CONCLUSION
Mme Catherine Morin-Desailly, présidente du groupe d'études sur les médias et les nouvelles technologies
Je vous remercie de ces échanges complets et des pistes évoquées qui vont nourrir la réflexion de l'ensemble des sénateurs membres du groupe d'études sur les médias et les nouvelles technologies, rattaché à la commission de la culture, de l'éducation et de la communication. Nous avons toujours besoin de nous nourrir régulièrement des réflexions de ceux qui font l'audiovisuel et la création en France.
Nous pouvons peut-être retenir quelques idées des échanges que nous avons eus et, en tout cas, faire un certain nombre de constats :
- la révolution numérique dont nous ne savons pas où elle va s'arrêter - une innovation en chassant pratiquement tous les jours une autre - nous contraint à beaucoup d'adaptabilité et de réactivité. Son caractère est complexe. Vous l'avez tous souligné, vous avez employé à plusieurs reprises le mot « complexe ». C'est un facteur à prendre en compte.

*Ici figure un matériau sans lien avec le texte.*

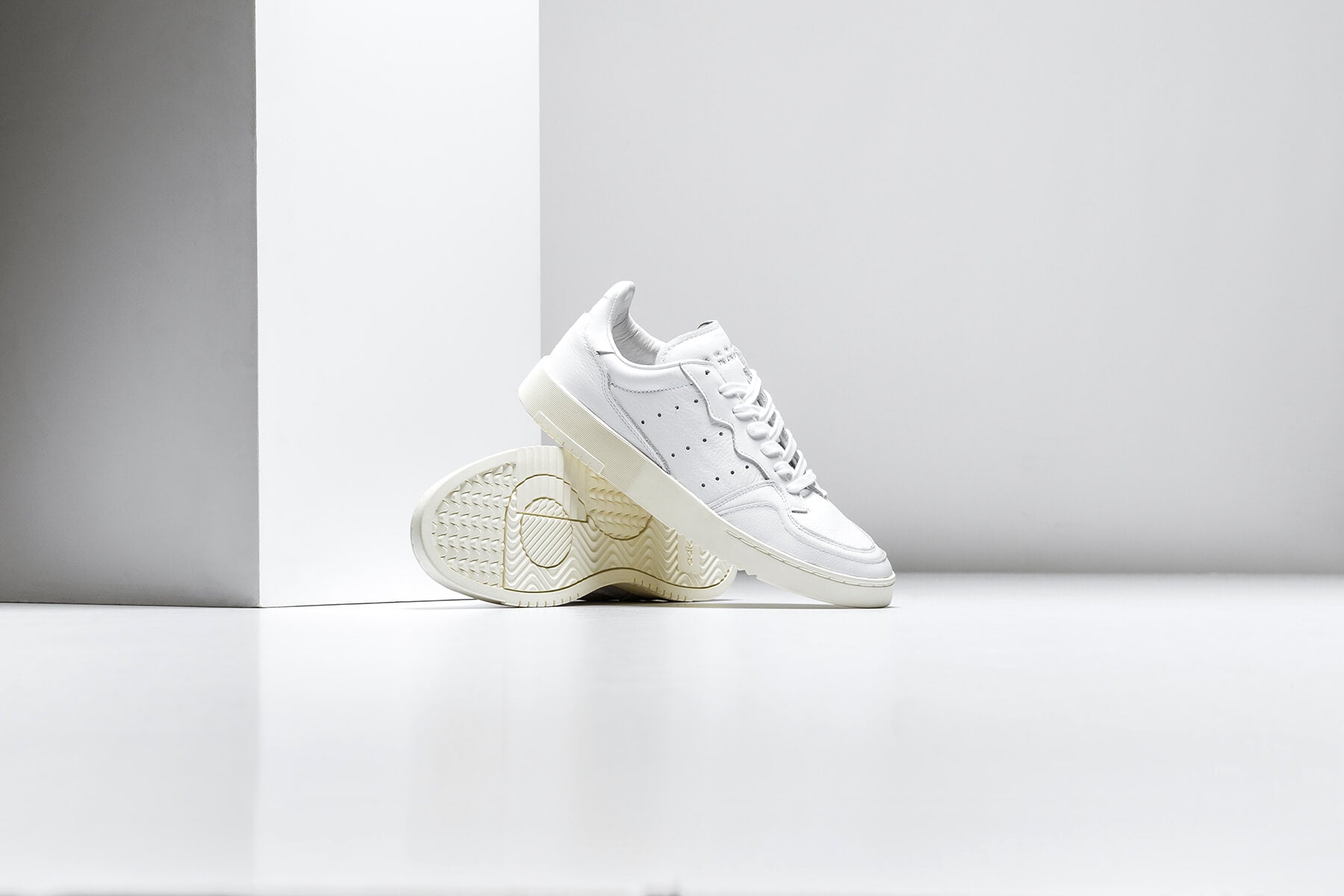 Adidas Originals "Crystal White/Chalk White" Available Now – Feature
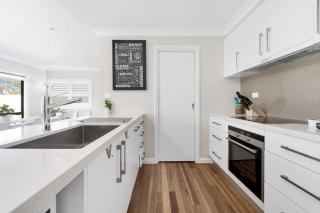 Breakers on Orion Beach Vincentia - 1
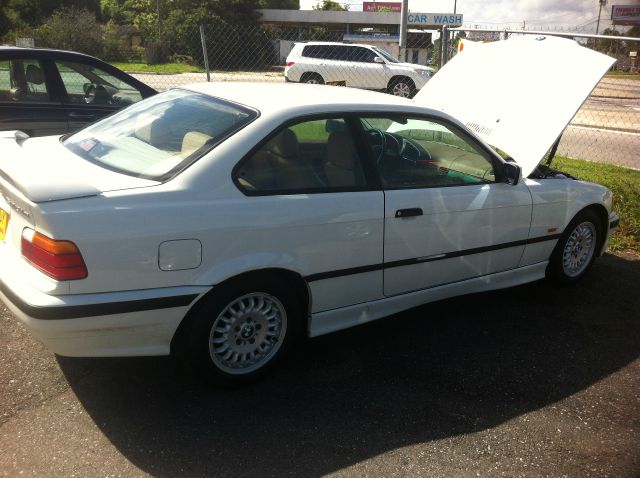 BMW 3 series 1998 photo 3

Nous constatons que les acteurs français ont été pionniers dans cette révolution avec la télévision de rattrapage dès 2007-2008. Cela veut dire que nous avons des capacités d'adaptation et d'inventivité sur ces questions ;
- j'ai retenu que les usages et la multiplication des supports ne se concurrencent pas mais, au contraire, se complètent et vous avez d'ailleurs développé des stratégies pour répondre à la demande de l'ensemble des téléspectateurs. On voit d'ailleurs que ces nouveaux supports offrent de nouvelles possibilités, favorisent de nouveaux comportements et permettent de nouveaux usages ;
- vous avez également tous souligné l'individualisation des comportements à cet égard. Nous notons aussi que l'offre française, qu'elle soit gratuite ou payante, linéarisée ou à la demande, est abondante et de grande qualité ;
- vous avez aussi souligné le problème du piratage très évolutif et très complexe.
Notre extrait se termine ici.